U.K. inflation slips to 6.7% in August, coming in shy of forecasts

Inflation in the U.K. surprisingly eased in August against expectations it would accelerate, a welcome showing for central bankers just a day ahead of an interest-rate decision.

The U.K. consumer price index fell a touch to 6.7% year-over-year in August from 6.8%, the Office for National Statistics said Wednesday.

CPI was expected by economists to rise, to a 7% rate.

Core CPI also fell more than expected, to 6.2% from 6.9%, against expectations of a 6.8% gain.

The ONS said the largest downward contributions came from food, where inflation slowed to a 13.6% rate from 14.9% in July and a March peak of 19.2%. Restaurant and hotel prices slowed to 8.3% from 9.6%, the lowest rate since May 2022. Recreation and culture goods and services saw inflation weaken to 6% from 6.8%.

The knee-jerk reaction in currency markets sent the pound

lower to $1.2360, from $1.2393 on Tuesday. The inflation surprise comes one day ahead of a Bank of England interest-rate decision, in which the central bank was widely seen increasing rates by a quarter point.

Goldman Sachs was among the banks forecasting the Bank of England to make one more hike and then finish its rate-hike campaign at a 5.5% rate.

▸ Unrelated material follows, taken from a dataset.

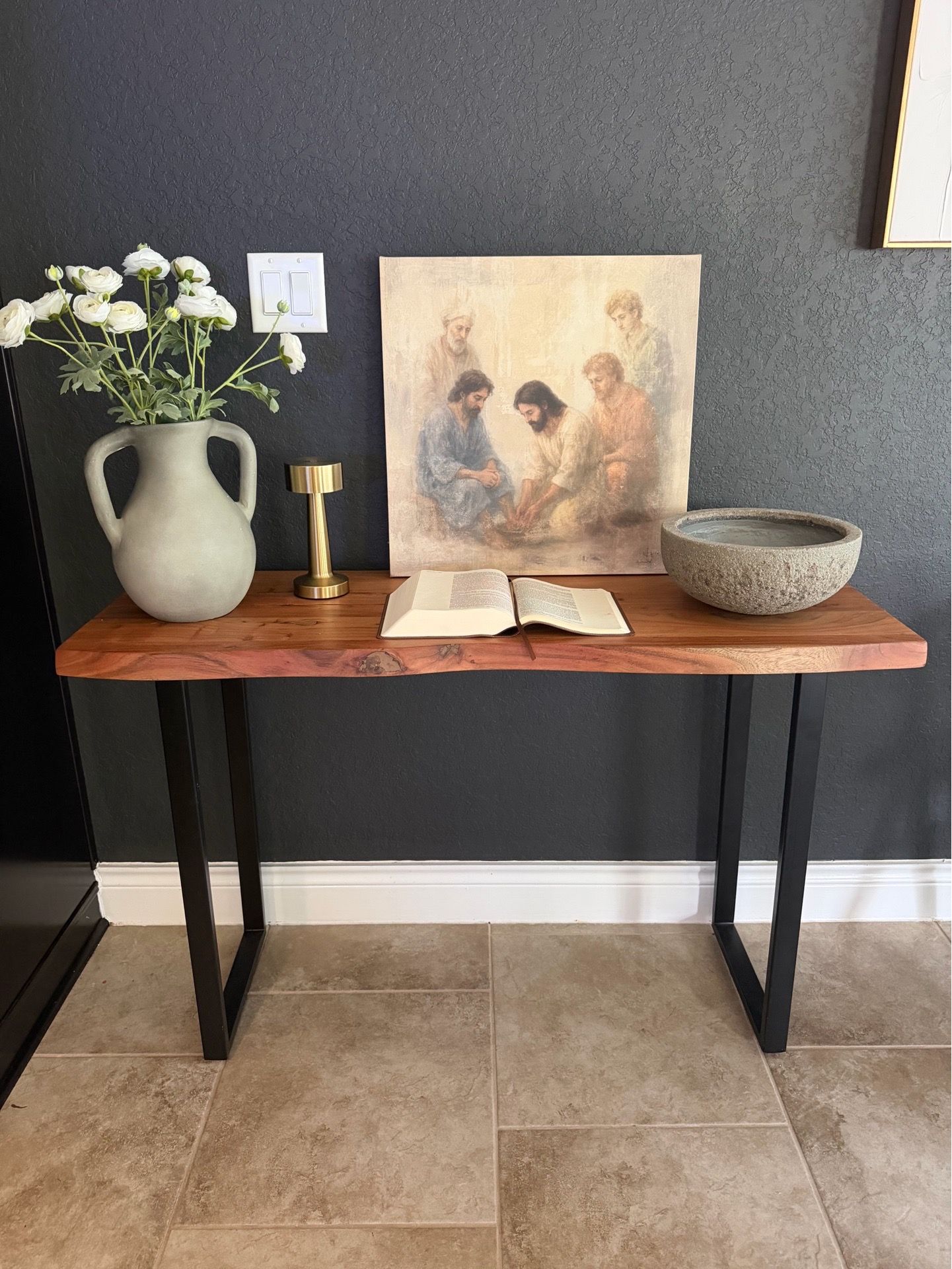 Wood entry table l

It’s also welcome news for the U.K. government, which pledged to halve the rate of inflation from its 10% peak. “Today’s news shows the plan to deal with inflation is working — plain and simple. But it is still too high which is why it is all the more important to stick to our plan to halve it so we can ease the pressure on families and businesses,” said Chancellor of the Exchequer Jeremy Hunt in a statement.